À 75 %, nous atteignons tout juste notre seuil de rentabilité. Pourtant, cela représente exactement autant de travail que si nous avions rempli à 100 %. Ces deux mois d’exploitation dans ces conditions se sont faits alors que bars et restaurants, des lieux parfois vastes et débordant de clientèle, pouvaient recevoir à capacité maximale. Nous avons accepté ces conditions comme tout le monde, étant déjà simplement heureux de reprendre notre activité et de voir notre salle remplie. Pour nous, le retour récent à 100 % est tout simplement un rééquilibrage vers une situation plus juste. Notre salle peut accueillir jusqu’à 1 250 personnes, et nous avons donc rouvert la billetterie de plusieurs événements déjà complets.

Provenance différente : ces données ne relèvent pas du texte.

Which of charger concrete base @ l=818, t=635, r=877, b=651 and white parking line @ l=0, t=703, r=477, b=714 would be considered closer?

Quant au pass sanitaire, ce n’est qu’un process de plus à appliquer, ça n’a pas représenté de grande difficulté, même en tant que club. Notre personnel travaille actuellement masqué, y compris de nuit.
Voyez-vous votre activité changée par la crise ?
Pendant les moments de fermeture, nous avons mis nos espaces à disposition d’artistes, de compagnies de théâtre ou de médias, afin de faire vivre le lieu et de mettre à profit cet arrêt forcé. Cela n’arrivait pas avant, ou du moins pas sous cette forme. Nous réfléchissons à une façon de continuer à faire cela sur les multiples créneaux où ils sont vides.
Les retours de vos confrères du secteur des clubs sont-ils aussi positifs ?
Des clubs ont fermé, c’est désolant, mais il y en a eu moins que nous l’imaginions. Les professionnels du secteur avec lesquels je suis en contact voient leur public revenir et se remettent correctement de la crise. Bien sûr, plusieurs membres de cet écosystème (artistes, tourneurs, DJs, promoteurs, etc) ont quitté les grandes villes, profité de la crise pour changer de voie, de vie. C’est arrivé dans tous les secteurs de la culture, cela ne me semble pas spécifique à la sphère électronique.